Biblical Basis for Peace and Justice

And what does the Lord require of you? To act justly and to love mercy and to walk humbly with your God." –Micah 6.8

“…Lord, when did we see you hungry or thirsty or a stranger or naked or ill or in prison and did nothing for you?” And he will answer, “I tell you this: anything you did not do for one of these, however humble, you did not do for me.” –Matthew 25.44-46


Enlarging the Circle Reconciling Community

The Benson Memorial Enlarging the Circle Reconciling Community is dedicated to living with open hearts, open minds, and open doors. We recognize that all persons are created in the image of God, loved by God, and reconciled to God through Christ.
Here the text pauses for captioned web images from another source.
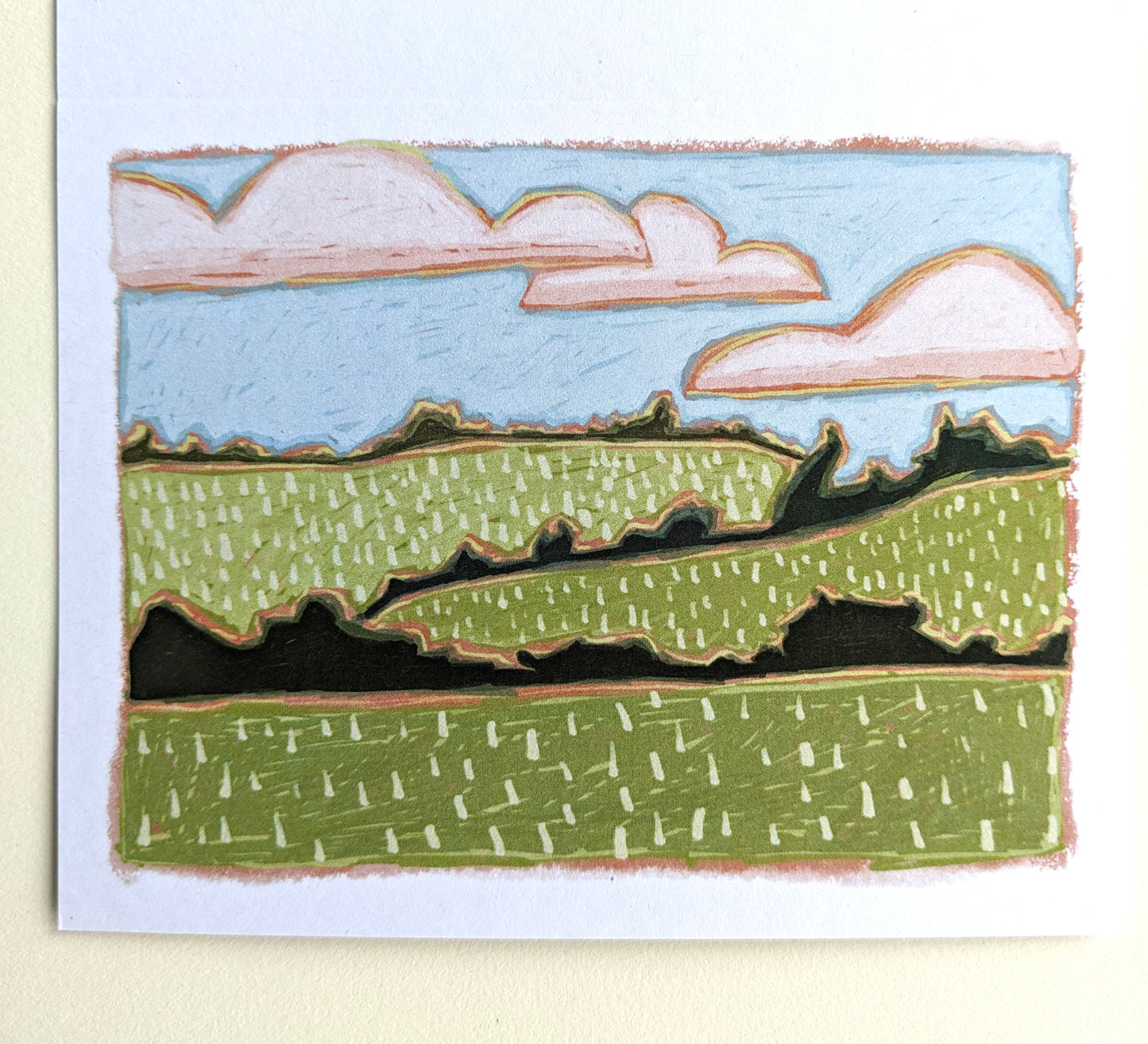 Greeting Cards - “Blue Skies and Green Hills”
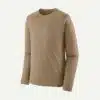 Patagonia Men's Capilene Midweight Crewneck Seabird Grey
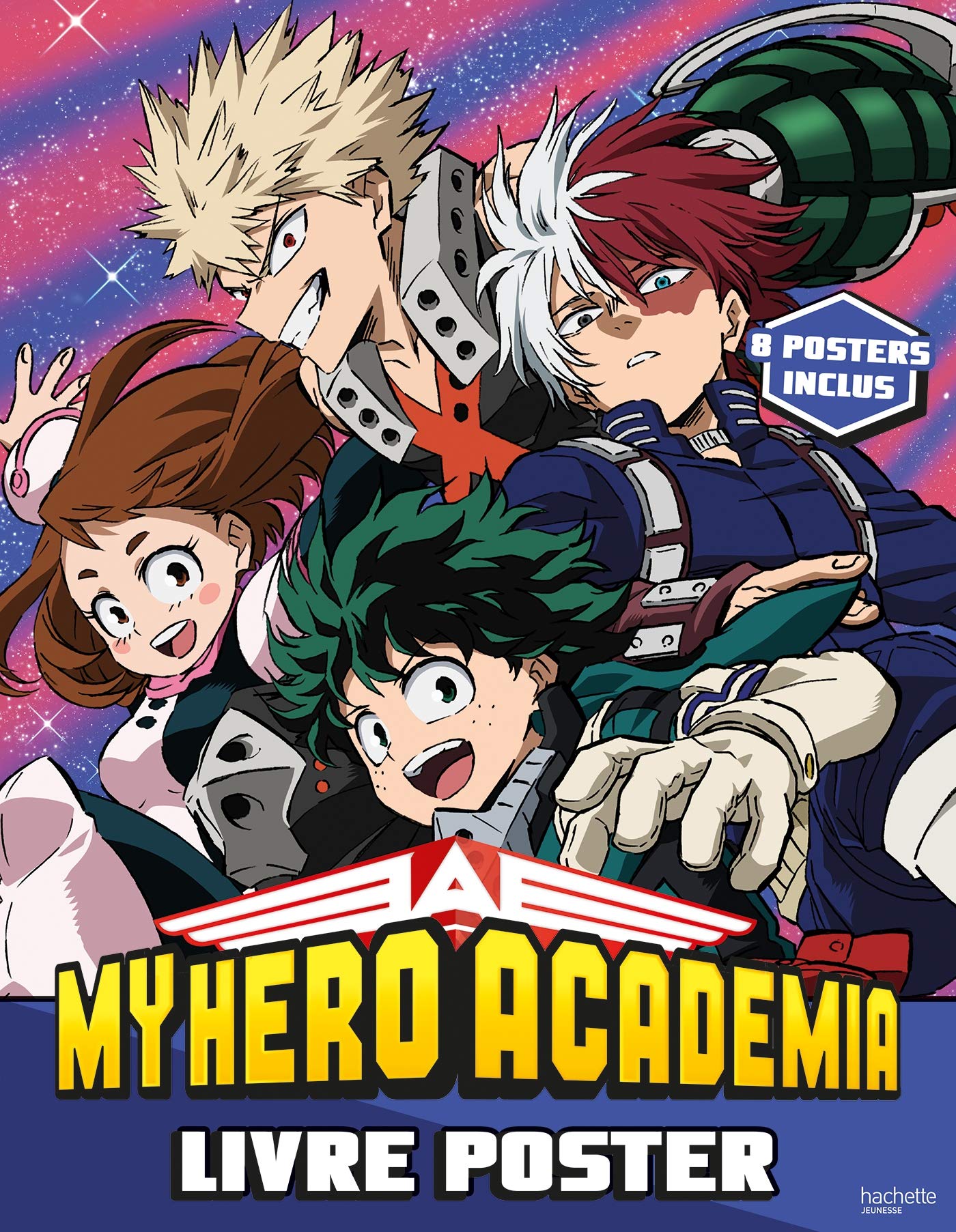 My hero academia - Livre poster book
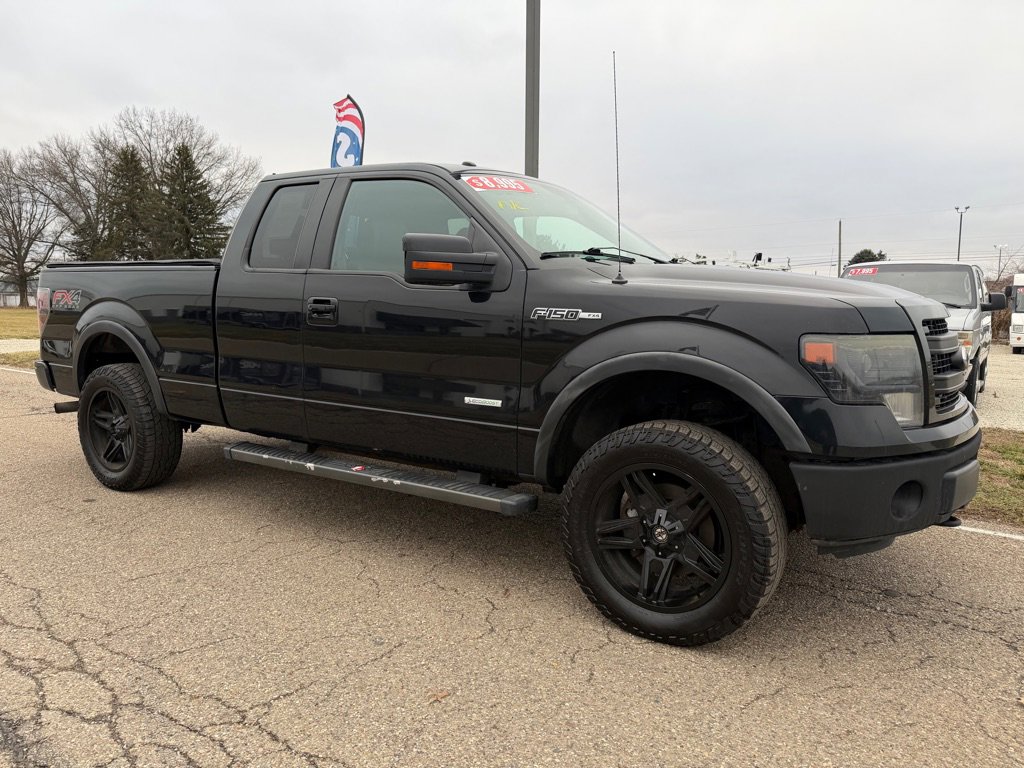 Used 2013 Ford F150 FX4 w/ Luxury Equipment Group image 1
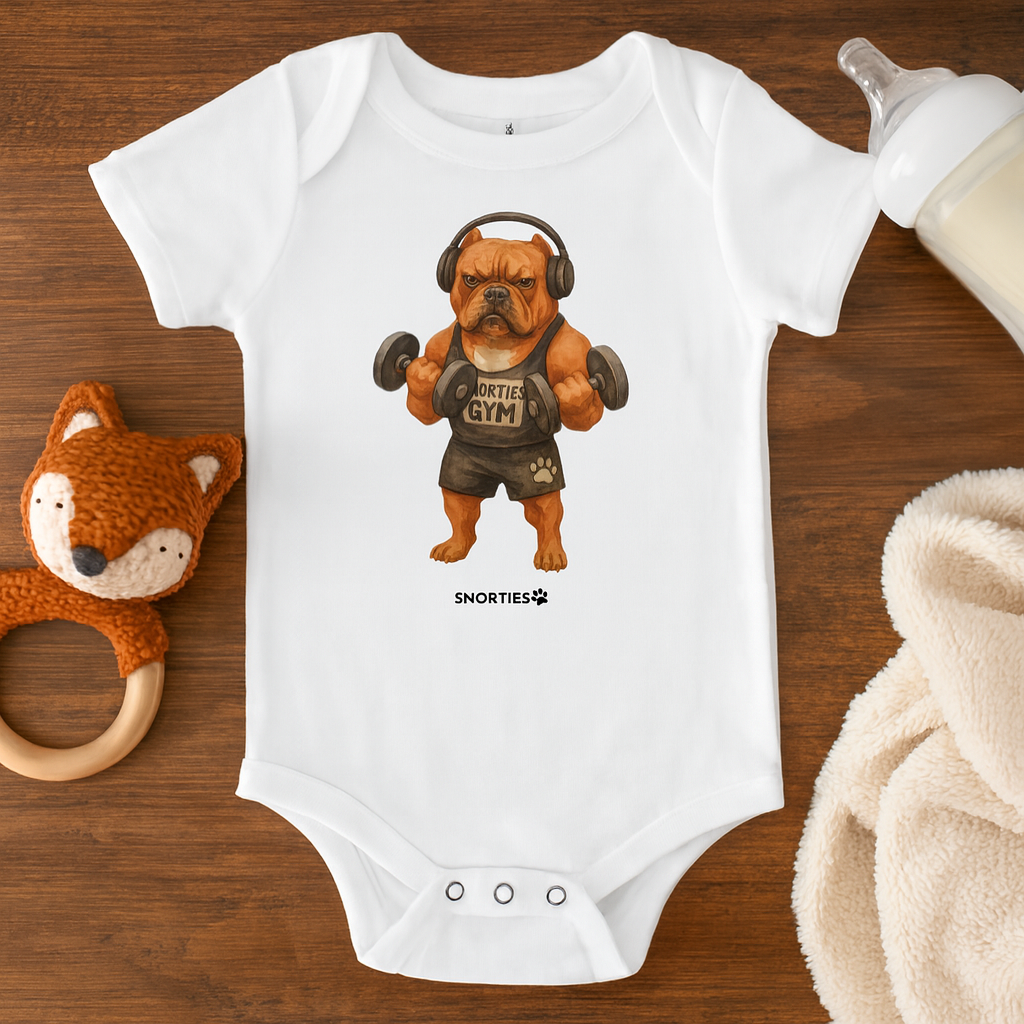 Pocket Bully Gym Babies one piece - Snorties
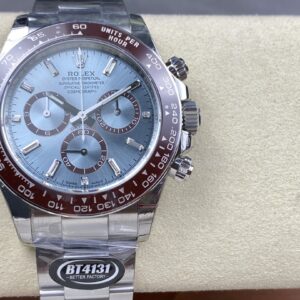 Đồng Hồ Rolex Daytona 126506LN Mặt Xanh Băng Nhà Máy BT 40mm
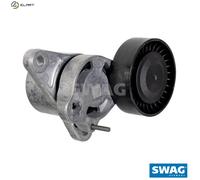 Multi-ribbed V-belt tensioner Automatic 33 10 4375 SWAG for MERCEDES-BENZ CLS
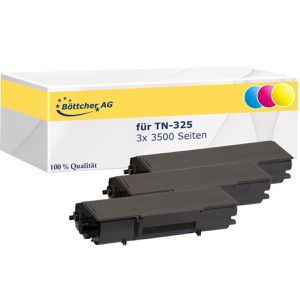 Toner Böttcher-AG für Brother TN-325 Multipack
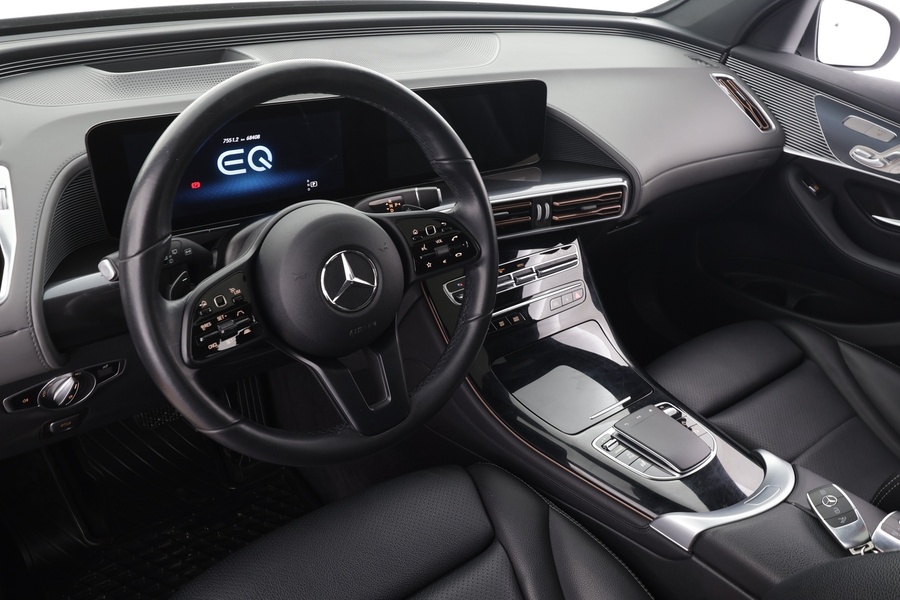 Mercedes-Benz EQC vaihtoauto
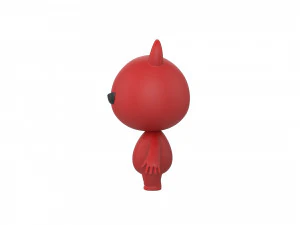 Character084 Rigged Devil 3D Model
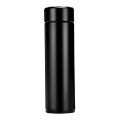 with extra free battery 1pcs Stainless Steel 500ml Thermos Tumbler with Vacuum Insulated Keeps Hot Drinks Hot and Cold Drinks Cold for Hours.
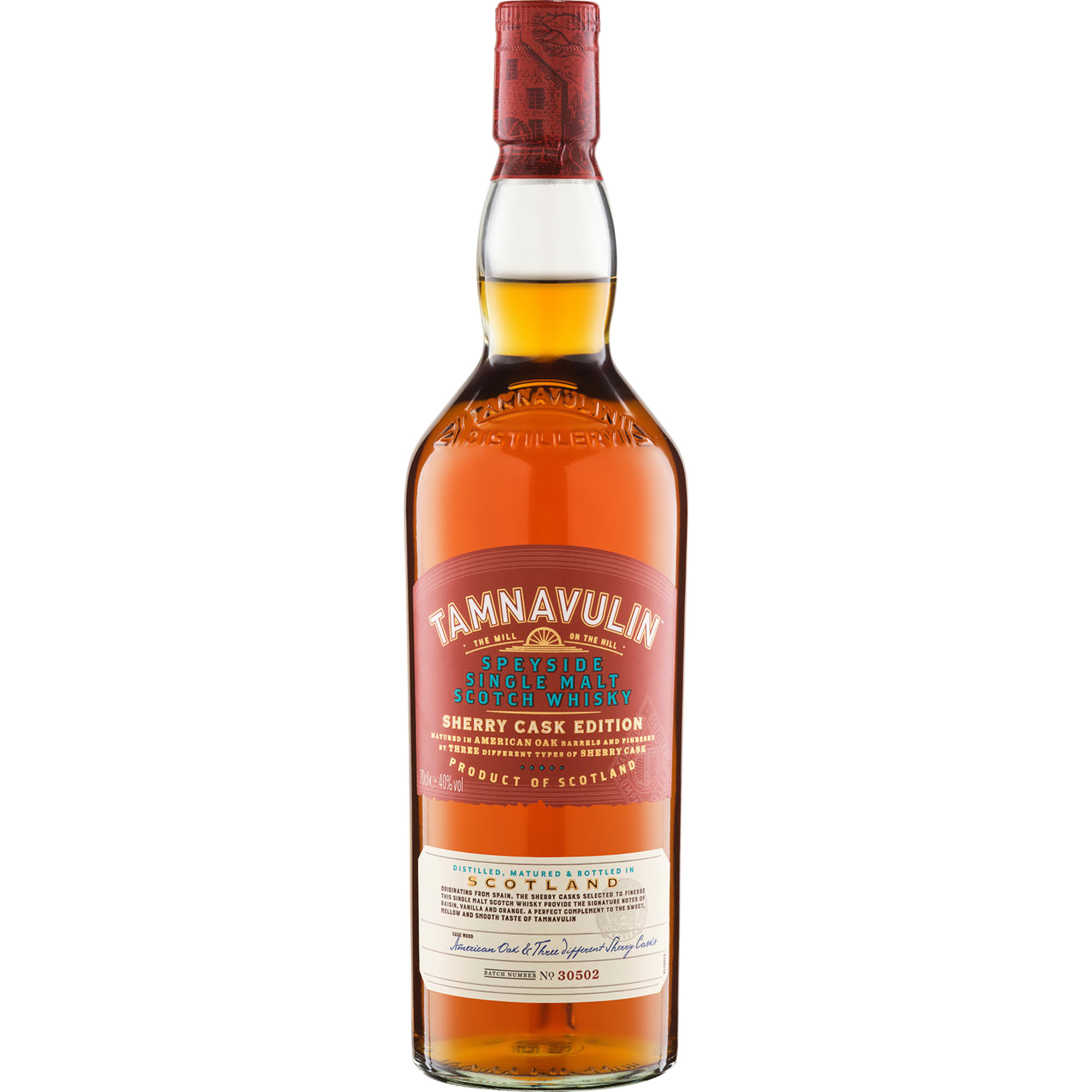 Image of Tamnavulin Sherry Cask Edition, Scotch Whisky, 0,7L, 40%, Schottland, Spirituosen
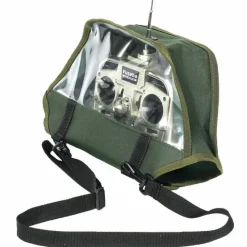 Pike / Predator Angling Technics Bait Boats * Transmitter Rain Pouch with Neck Strap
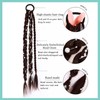 NOELAMOUR Hair Extensions Wig Braid Extensions Twin Tail Kids Hair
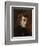 Portrait de Frédéric Chopin (1810-1849), musicien-Eugene Delacroix-Framed Giclee Print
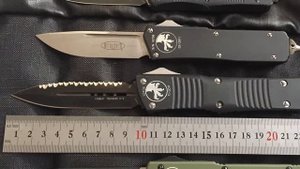 Посмотрим на Microtech Combat Troodon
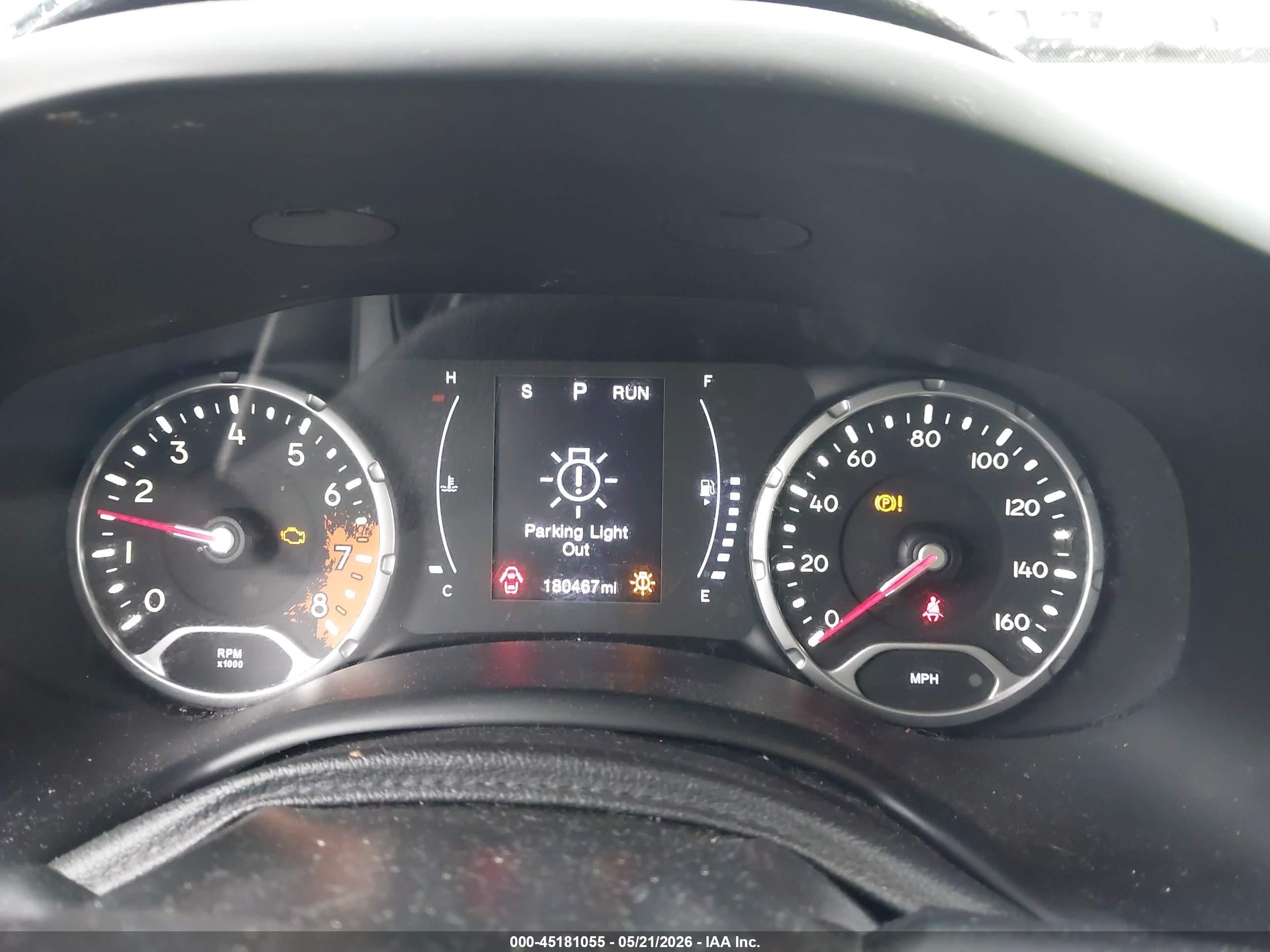 2018 Jeep Renegade Sport 4x4 Gray vin: ZACCJBAB3JPH11130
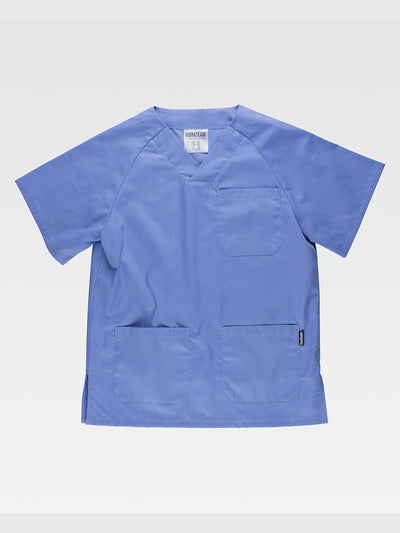 UNISEX SET WITH JACKET + TROUSERS - Blue / XS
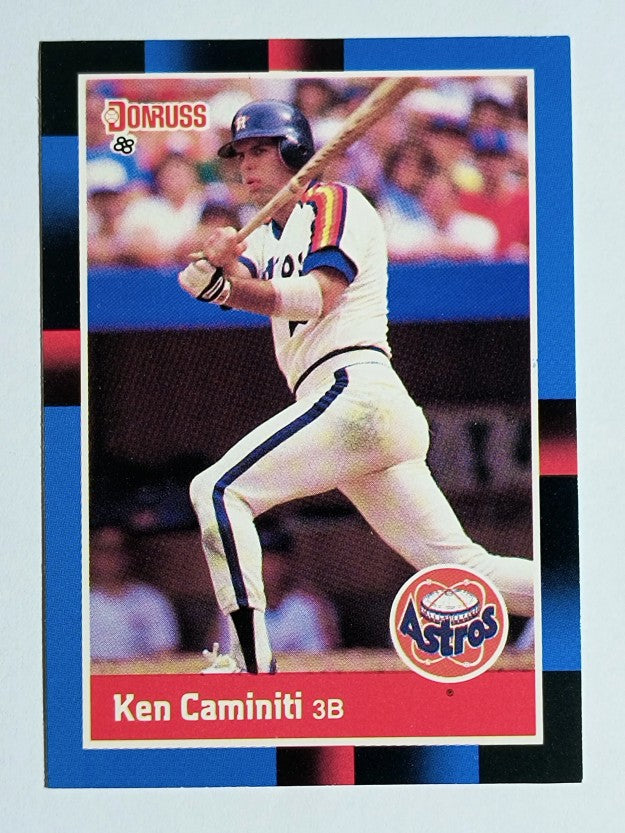 1988 Donruss #308 Ken Caminiti RC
We also believe that, in the words of John Wesley, “Though we cannot think alike, may we not love alike?” In that light, we are committed to welcoming, affirming, embracing, and including as part of our faith community all children of God—regardless of sexual orientation, gender identity or expression, age, race, sex, ability, ethnicity, national origin, culture, education, faith tradition, or family, marital or socioeconomic status—treating all equally and with dignity.

 

As members of Enlarging the Circle, we are pledged to:

  • Connect and engage with people of different perspectives and walks of life, especially those who have faced and may face discrimination;
  • Accompany and support people of different perspectives and walks of life at church or other events to affirm all people’s worth and to provide safe haven;
  • Advocate with others who may not understand or accept different perspectives;
  • Amplify all people’s concerns and needs and help make all voices heard;
  • Impede efforts to discriminate; and
  • Celebrate all and rejoice with all.

Areas of Focus

Environment

Benson Memorial has been taking steps to worship and serve in more sustainable ways in accordance with our call to care for God’s creation.

  • We participate with the Interfaith Creation Care Team, a multi-faith group dedicated to caring for the world we all share.
  • We are conducting ongoing investigation of implementing solar panels at our church to reduce our environmental impact.

Racial Justice

We stand in solidarity with our siblings of color and provide opportunities to learn more about and act against the racial injustices present within our society.

  • We have participated in demonstrations in conjunction with other congregations to voice our dissent against racist structures and practices.
  • Our Living Our Faith series regularly covers topics linked with racial justice such as food insecurity, public defense, and prisoner re-entry.
  • Our Social Justice Book Study has spent time discussing books on this subject, including How to be an Antiracist by Ibram X. Kendi.

LGBTQ+ Engagement

Benson Memorial welcomes all, regardless of sexual orientation, gender identity or expression, age, race, sex, ability, ethnicity, national origin, culture, education, faith tradition, or family, marital or socioeconomic status, treating all equally and with dignity.

  • Benson’s Enlarging the Circle group is registered with the Reconciling Ministries Network. We strive to promote acceptance and inclusion and create a welcoming environment for both current and prospective members in the LGBTQ+ community.
  • The church has posted signs at the parking lot and Narthex entrances that announce our welcoming intent by stating that we love our neighbors, regardless of how they think, love, look, or pray and exhorting everyone to love neighbors with no exceptions.
  • The Social Justice Book Study has discussed Matthew Vines’ God and the Gay Christian as well as Megan Scott Roper’s Unfollow.

Criminal Justice

Following the biblical call to remember those in prison, we recognize the inequities inherent in the criminal justice system and the challenges that those entangled in it face.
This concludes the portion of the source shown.